LONDON — Other tabloids besides Rupert Murdoch's News of the World may have hacked phones, a London court heard on Monday as it began an investigation into newspaper practices that could lead to tougher regulation of the entire UK press.
The Leveson inquiry, expected to take about a year, was set up by Prime Minister David Cameron after it was revealed in July that the News of the World ordered hacking of the voicemail of missing schoolgirl Milly Dowler, who was later found murdered.
"The inquiry is beginning to receive evidence to indicate that phone hacking was not limited to that organisation," said Robert Jay, counsel to the inquiry.
He said Glenn Mulcaire, who was jailed for phone-hacking in 2007 along with the News of the World's royal reporter Clive Goodman, had written the words "Daily Mirror" and "The Sun" in his notebooks, referring to other tabloids.
Jay said the names of 27 other News of the World reporters besides that of Goodman, long scapegoated by News Corp's British newspaper arm as a lone "rogue" reporter, had been found in Mulcaire's notebooks.
As police work through a list of 5,800 potential hacking victims, including actor Hugh Grant, Harry Potter author J.K. Rowling and ex-soccer star Paul Gascoigne, the scale of the scandal at and beyond the News of the World is still unclear.
News Corp executive James Murdoch, son of Chief Executive Rupert Murdoch and executive chairman of the group's British newspaper arm, is meantime fighting for his credibility as heir to the media empire.
James Murdoch has testified twice to a British parliamentary committee that he knew nothing of the scale of phone-hacking at the once best-selling tabloid, which he closed down in July in an attempt to limit the damage.
Neville Thurlbeck, a former chief correspondent at the tabloid whose name appears in a key piece of evidence, told Reuters on Monday he believed Murdoch had indeed been kept in the dark.
Murdoch's claims to have cleaned up the newspaper's culture, however, have been undermined by the News of the World's recent admission that it ordered surveillance of figures including lawyers representing hacking victims as early as this year.
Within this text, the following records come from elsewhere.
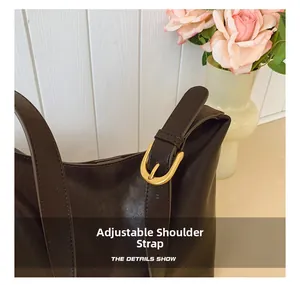 Detail of dark brown leather bucket bag with adjustable strap and gold metal buckle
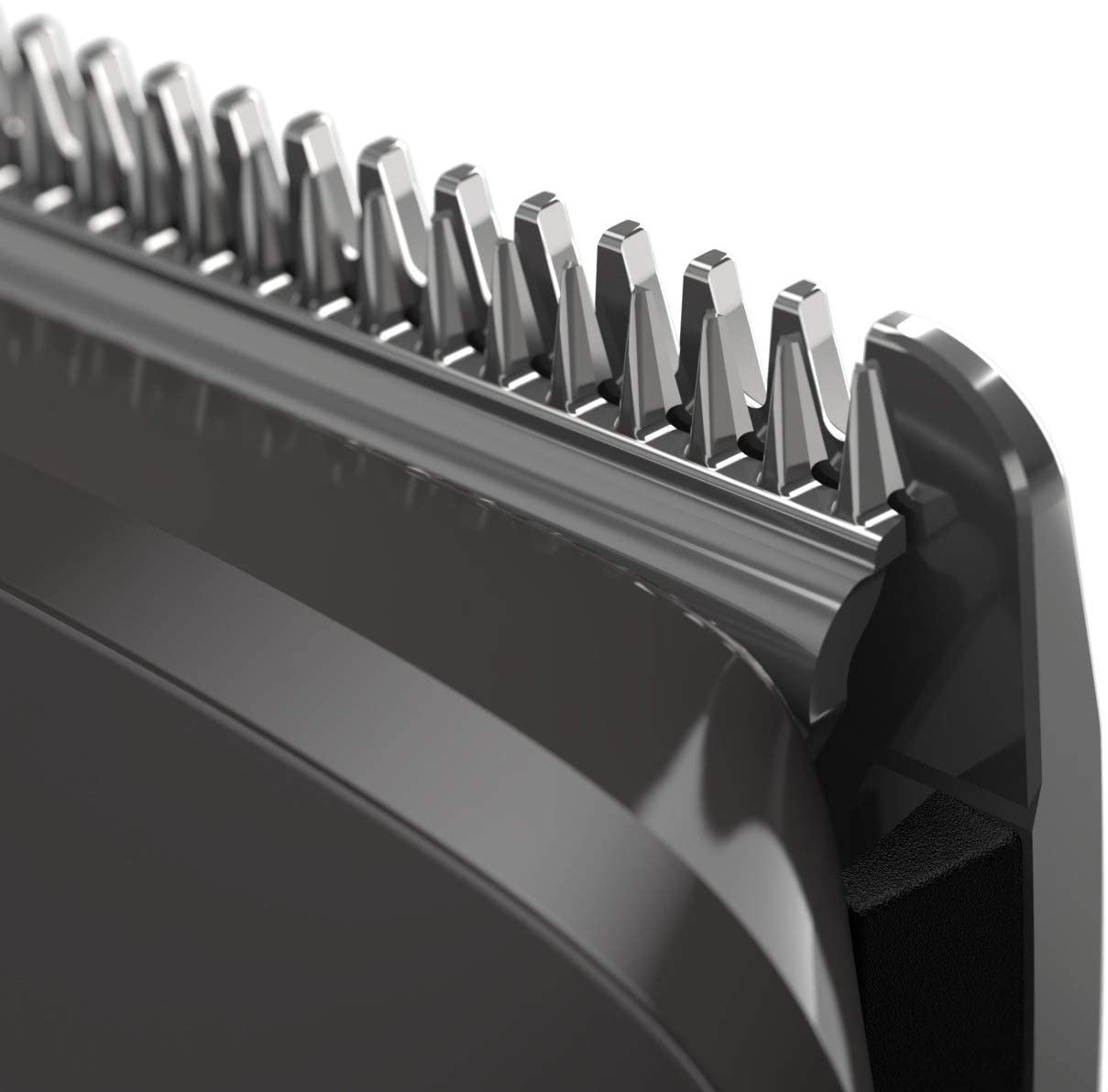 Philips Multi Groomer 8000 Series ergonomic metal frame and grip in hand.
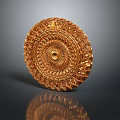 Ornamental Golden Carved Plate With Intricate Circular Patterns And Central Dot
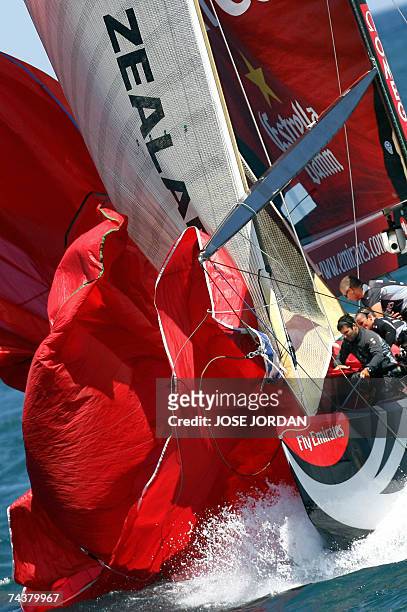 Members of Emirates Team New Zealand save the spinaker on the second day of sailing in the final of the Louis Vuitton Cup in Valencia, 02 June 2007....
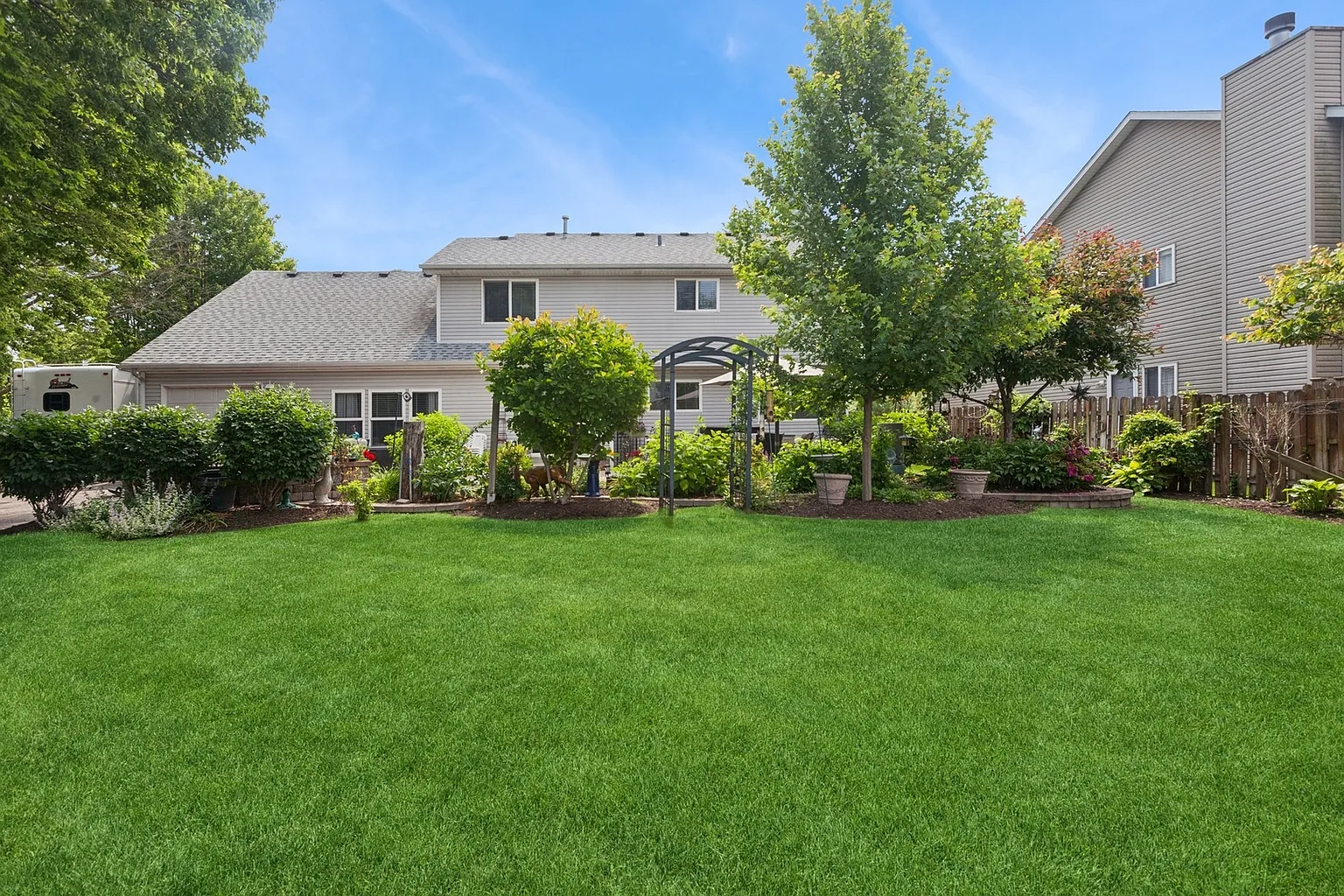 Well-maintained backyard with green grass, shrubs, trees, decorative plants, and residential house.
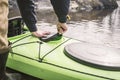 The man opens a sealed hatch cover for things in the kayak that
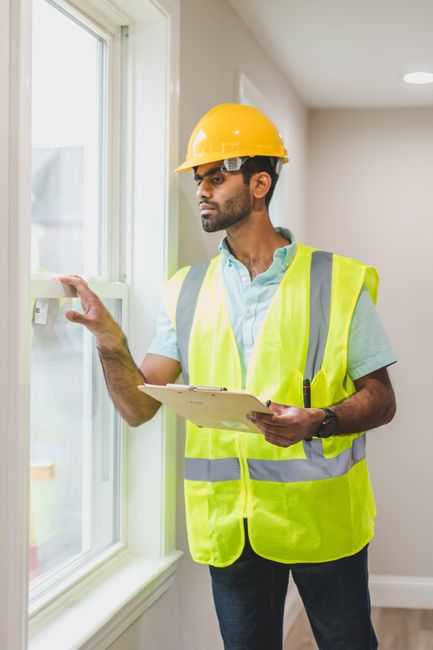 Engineer inspecting the interior of a newly built property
Last week, Murdoch apologised to members of the parliamentary committee for the fact that the News of the World had monitored their activities.
Louise Mensch, a member of the committee, asked on Monday: "What possible public interest could there be in that? It is chilling, it's terrifying. It sort of says: 'Don't mess with us because we'll come to get you.'
"If it is true, I want to know who did the authorisation, when, and on what basis, and I certainly want to see any reports that were compiled about myself and my colleagues," the Conservative member of parliament told Sky News.
Labour MP Tom Watson, the most aggressive member of the committee, pulled out of an industry event on Monday to discuss what he described as fresh evidence that News Corp spied on his colleagues.
"Under the circumstances, I have to spend the day seeking advice from the Speaker (of parliament) and discussing the matter with fellow members of the DCMS Select Committee as to our legal and constitutional position," he said.
Jay said none of the instances of phone-hacking that had so far come to light, which include eavesdropping on crime victims and relatives of war dead, came close to being justified on public-interest grounds.
"What can be justified in the public interest and how can it be justified lies at the very epicentre of this inquiry," Jay said in his opening statement.
He cited the Guardian's dogged reporting on the phone-hacking scandal, the Telegraph's exposure of members of parliament fiddling expense claims, and the Sunday Times's 1960s campaign for compensation for thalidomide victims as instances in which underhand reporting methods had been justified.
But he said the press too often went on "fishing expeditions" without any idea of what they would find, fuelling a view of the press as ruthless, unscrupulous and willing to do anything to boost circulation.
Britain's press is currently self-regulated by the Press Complaints Commission, a voluntary body with little funding and no legal powers.
Its chairperson at the time of the hacking fallout, Peta Buscombe, announced after the Milly Dowler revelations that she would step down.
The PCC is not expected to survive in its current form, and the conclusions of the Leveson Inquiry, being held at London's Royal Courts of Justice, will be important in deciding what should replace it.
"The press provides an essential check on all aspects of public life. That is why any failure in the media affects all of us," Judge Brian Leveson, who is in charge of the inquiry, said in his opening statement.
"At the heart of this inquiry therefore may be one simple question: Who guards the guardians?"